- _DATA EXTRACT_
::::
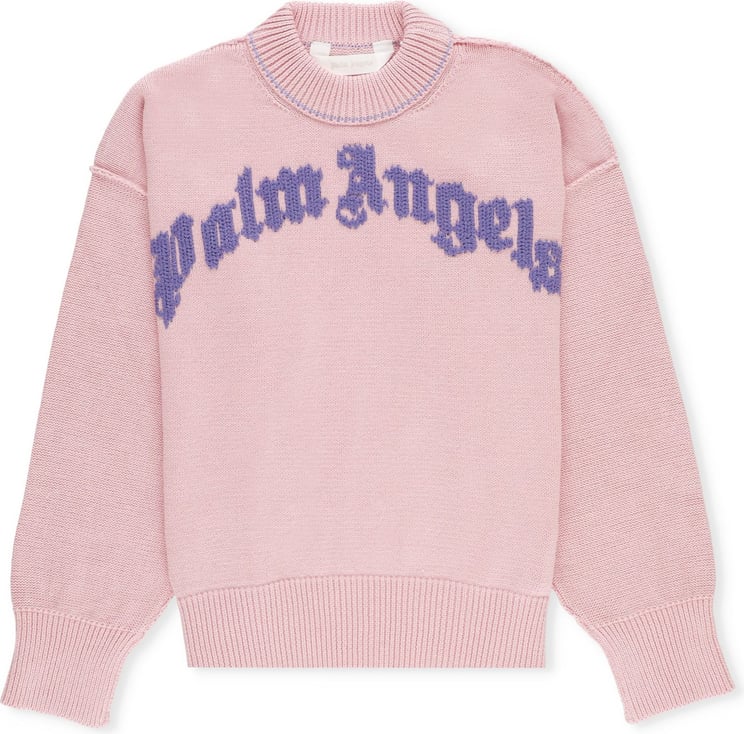 Palm Angels Sweaters Pink Neutraal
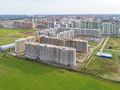 Общий вид территории застройки. Аэрофотосъёмка от 22.09.17 г.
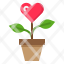 tree-plant-love-valentine-heart-icon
::::
- _WHAT IS NEEDED_
Print every line above once more, exactly. Omit the pictures.

- _RESULT OF THE EXERCISE_
 Palm Angels Sweaters Pink Neutraal
 Общий вид территории застройки. Аэрофотосъёмка от 22.09.17 г.
 tree-plant-love-valentine-heart-icon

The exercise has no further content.